A Delhi on note de plus en plus de kidnapping de vaches ! En 2013, des caméras de surveillance ont surpris quatre malfrats en train d’enlever précipitamment une vache sur un parking, en la poussant sur le siège arrière d’une voiture de la taille d’une Twingo. Les enlèvements se terminent souvent mal, dans un des 30 000 abattoirs illégaux que compterait l’Inde. Cette clandestinité pose évidemment des problèmes sanitaires.

Selon le Routard, depuis mai 2005, étant donné les gros embouteillages urbains, une loi a été promulguée autorisant les policiers à faire bouger les vaches à l’aide de leurs fameux bâtons.

Tout fout le camp !

Quel est le statut des vaches à la campagne ?

Dans les villages aussi, il semble bien que derrière le caractère sacré des vaches et la fierté d’en posséder se cache l’intérêt économique, bien compréhensible quand on est confronté à une vie assez dure.

Souvent les buffles servent uniquement à la production de lait, et les bovins sont utilisés pour labourer. Leur production de bouses est également essentielle, car les sols ne connaissant pas la jachère, le fumier est essentiel pour assurer un certain niveau de productivité.

Apparemment les vaches ont une production de lait très limitée (2 litres par jour), aussi les paysans quand ils en ont les moyens possèdent-ils des bufflesses, plus généreuses.

Voilà, vous savez tout ! J’ai lu tellement d’infos contradictoires que j’espère être dans le vrai, en tout cas voici mes sources :

http://tempsreel.nouvelobs.com/monde/20140728.AFP2790/inde-malgre-modi-les-exportateurs-de-viande-bovine-entendent-bien-prosperer.html

http://fr.wikipedia.org/wiki/Nandi_%28mythologie%29

http://base.d-p-h.info/fr/fiches/premierdph/fiche-premierdph-1168.html

Routard et Lonely planet sur l’Inde du Nord

http://fr.blastingnews.com/international/2015/01/les-vaches-indiennes-sont-elles-vraiment-sacrees-00234985.html

10 réflexions sur “Quid des vaches sacrées en Inde ?

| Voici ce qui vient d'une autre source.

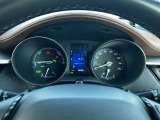 スッキリしたデザインのメーターは運転時の視線移動が少なくて済むので、安全性にも一役かってくれます。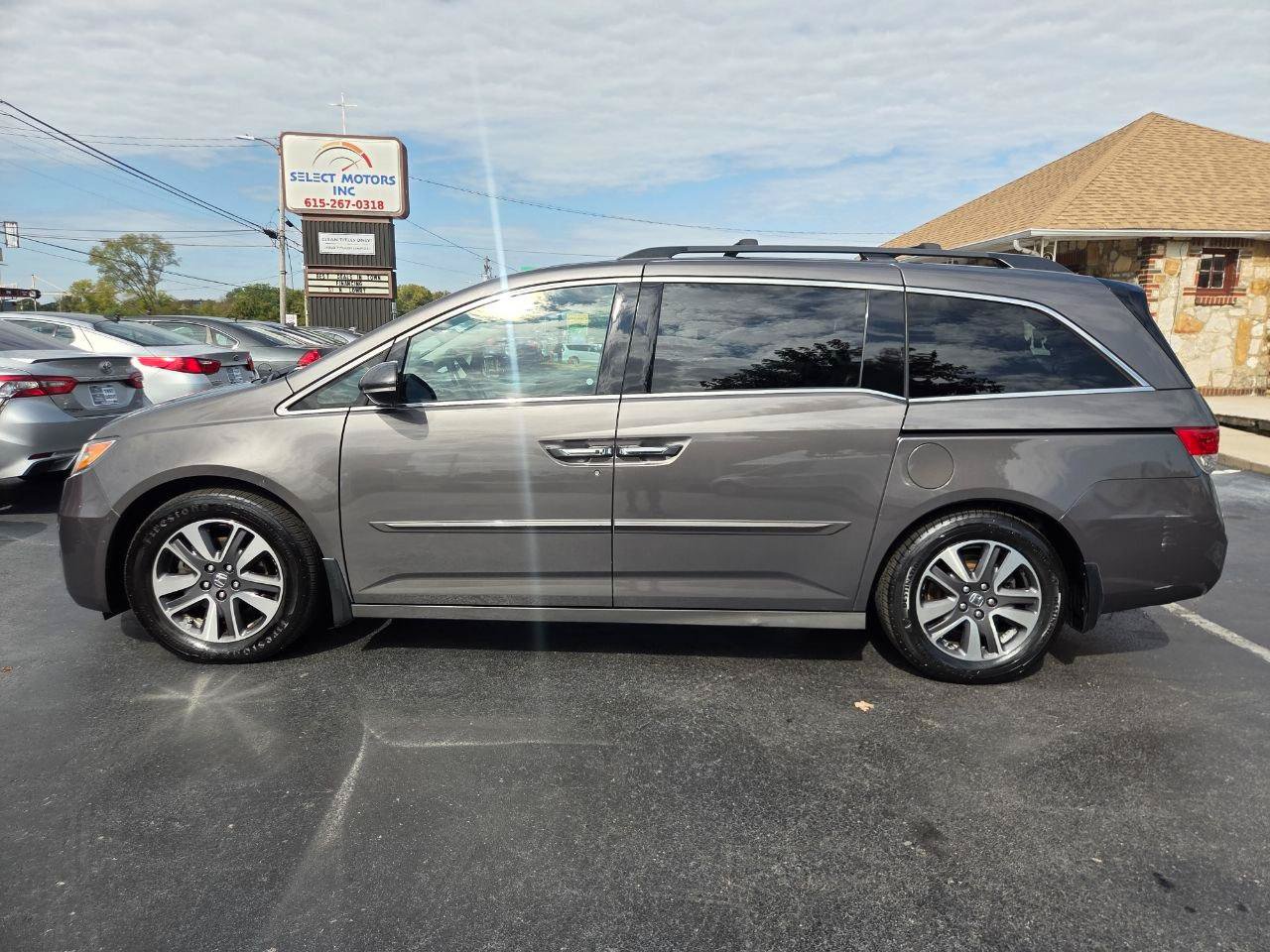 Used 2014 Honda Odyssey Touring image 3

  1. Article super intéressant (comme d’hab’ :p), et qui donne à réfléchir sur cette tension qu’il existe entre la viion que el’on peut avoir d’un passé plus ou moins « idéalisé » ou « glorifié » et les impératifs économiques modernes …

    Aimé par 1 personne

    • Extrêmement idéalisé tu as raison.. Mais en même temps sont ce vraiment des impératifs ? L’impératif du toujours plus très certainement mais hormis celui ci, je ne sais pas..

      J’aime

  2. Alice, tes articles sont canons! J’ai adoré tout savoir sur les vaches indiennes, et le style est vraiment sympa ! je me mets à la suite (oui je suis à la bourre !!!!)